Invest in America and small businesses
Recent laws core to the President’s Investing in America economic agenda—including the ARP, the Bipartisan Infrastructure Law (BIL), the CHIPS and Science Act (CHIPS), and the Inflation Reduction Act—can directly and indirectly provide opportunities for small and young firms. Indeed, written directly into the laws are a host of features designed explicitly to support small business. For example, the Inflation Reduction Act doubled the existing Research and Development tax credit for small businesses, and the CHIPS funding opportunity will partially evaluate applicants based on how they plan to create opportunities for minority-owned, veteran-owned, women-owned, and small businesses to participate in construction or the supply chain.
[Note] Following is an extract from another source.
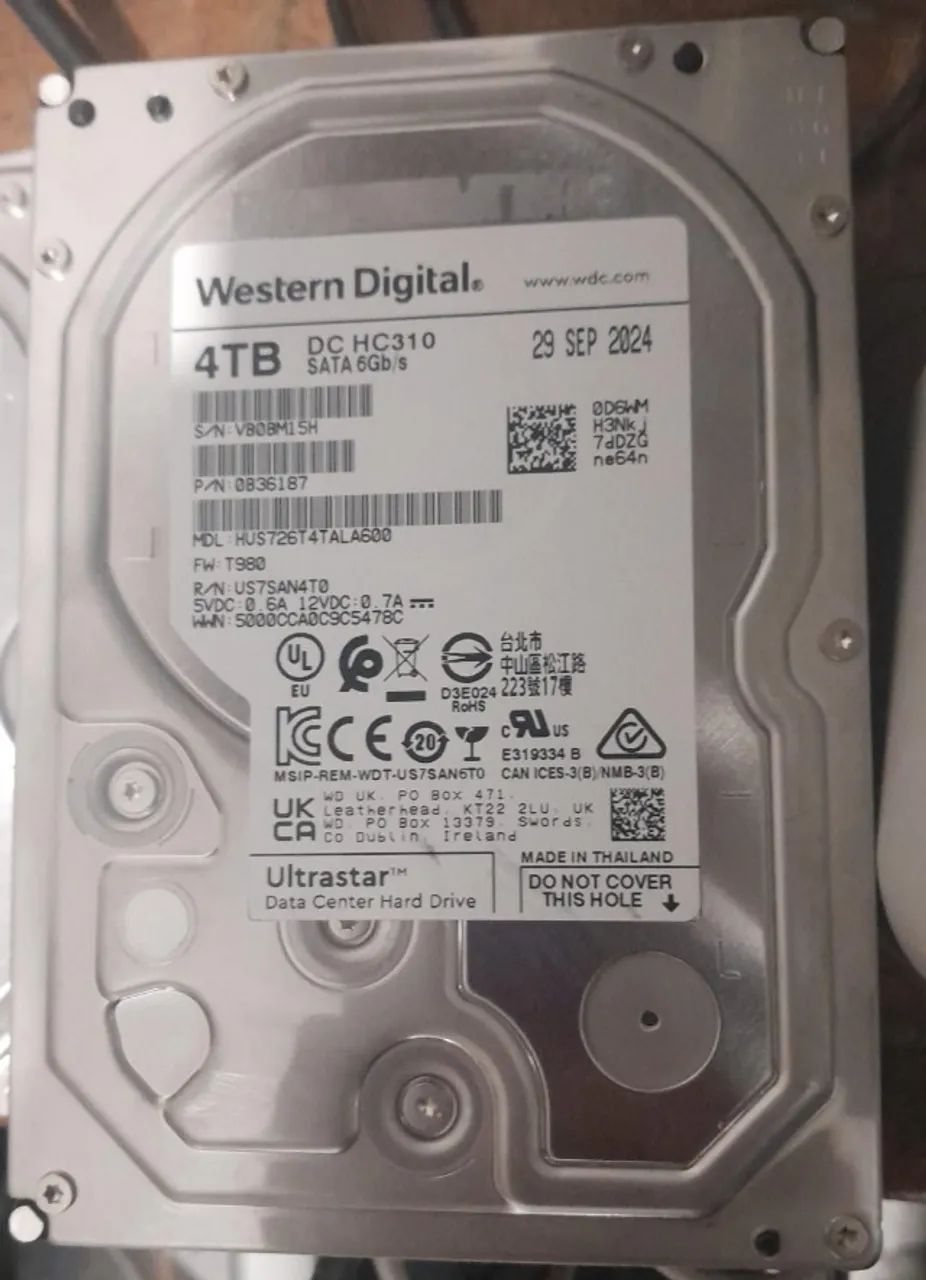 western digital 04TB pn: 0b36187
On top of specific small business provisions, perhaps some of the greatest benefits to small and young businesses will come indirectly. This includes the expansion of infrastructure and spillover effects of the investment in new and critically important industries. Consider, for example, the $65 billion in spending in the Bipartisan Infrastructure Law to close the digital divide by expanding access to broadband. Several recent papers have found causal links between expansions of broadband access and the creation of new businesses, as well as the growth of existing businesses, in urban and near-urban areas. While the evidence for the causal links between rural broadband access and the formation and growth of businesses is not as robust, the literature indicates that rural broadband expansion also likely affects business growth and formation, particularly in knowledge-intensive industries.
Another indirect benefit will come as larger firms receive investments, which can provide spillover benefits for smaller businesses. The literature on agglomeration indicates that investments in large firms can benefit smaller businesses in their area via increased demand for local goods and services and increased productivity. One estimate found that adding one high-skilled manufacturing job in an urban area creates 2.5 jobs in the city’s non-tradable sector—jobs in construction, food service, or any other role that provides a good or service that cannot be traded over distances. This multiplier effect could make for significant additional job growth due to the increase in manufacturing investments in the months since the legislation was signed into law.
Some research has also shown that there are positive spillovers—in the form of higher productivity—to local firms that share the same labor pool or set of technologies as the “anchor firm” (the large firm arriving in a given area). For example, one estimate found that incumbent firms experience a 12 percent productivity increase after a new plant arrives in a county. The literature on spillover effects on jobs within the supply chain is more complex, as existing firms shed workers, who then go on to form new firms of their own. This leads to a surge in new firms, but not a net increase of employment.
Together, this legislation has the potential to help support continued small business formation and job creation—benefitting communities and small business owners across the country—even as the economy continues to recover from the pandemic. These benefits will likely be further enhanced by the crowding in of private investment given the early indications that private investment has already begun to respond to the legislation.
 This only includes jobs covered by the Unemployment Insurance system, the actual number is likely higher. Data are from Quarterly Census of Employment and Wages.